No es nada extraordinario en el fondo, si se considera que
la bebida entre los más jóvenes es un fin en sí mismo. No beben, como los
adultos, para divertirse mejor, sino que la diversión consiste simplemente en
embriagarse. Se buscan los efectos de la droga directamente, y cuanto antes
mejor. Pero el alcohol absorbido deprisa apenas permite unos minutos de euforia
consciente, conduciendo a un estado de semiestupidez y abotargamiento en el que
lo único positivo es su efecto anestesiante. Se bebe para olvidar, siempre se
ha dicho, y habría que preguntarse si es que los adolescentes necesitan olvidar
algo o buscan la idiocia intencionadamente como un estado deseable. Tampoco sería
nada extraño en estos tiempos que corren, tan carentes de valores, tan
desilusionantes y vacíos de metas, en
los que la lucidez es más una condena que una virtud.
Pero al margen del lamentable fenómeno, qué pena de licores
condenados a un consumo sin paladar. ¿Qué diría un sensible gourmet? ¿Para qué
se han elaborado esos whiskies o vodkas finamente destilados y criados durante
años, si van a terminar en cavidades tan poco agradecidas? Bastaría utilizar el
alcohol de farmacia un poco diluido para conseguir el efecto deseado a un
precio mínimo. ¿Que escuece?... Justo castigo a tamaña torpeza.
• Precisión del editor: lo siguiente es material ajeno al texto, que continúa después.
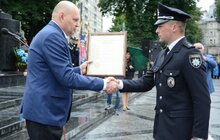 Фото 21: У Львові посвятили в захисники правопорядку випускників Львівського державного університету внутрішніх справ МВС України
Curiosa práctica para realizarla en grupo, en discotecas y
festivales de música. De popularizarse, pronto presenciaremos los botellones
tampax, que amenazan con dejar el campo de batalla sembrado de tampones, además
de los tradicionales envases desechables y botellas vacías. Los vecinos que
antes se quejaban con frases como “¡qué asco de botellón, que se lo metan por
donde les quepa!, van a contemplar horrorizados que ya lo están haciendo.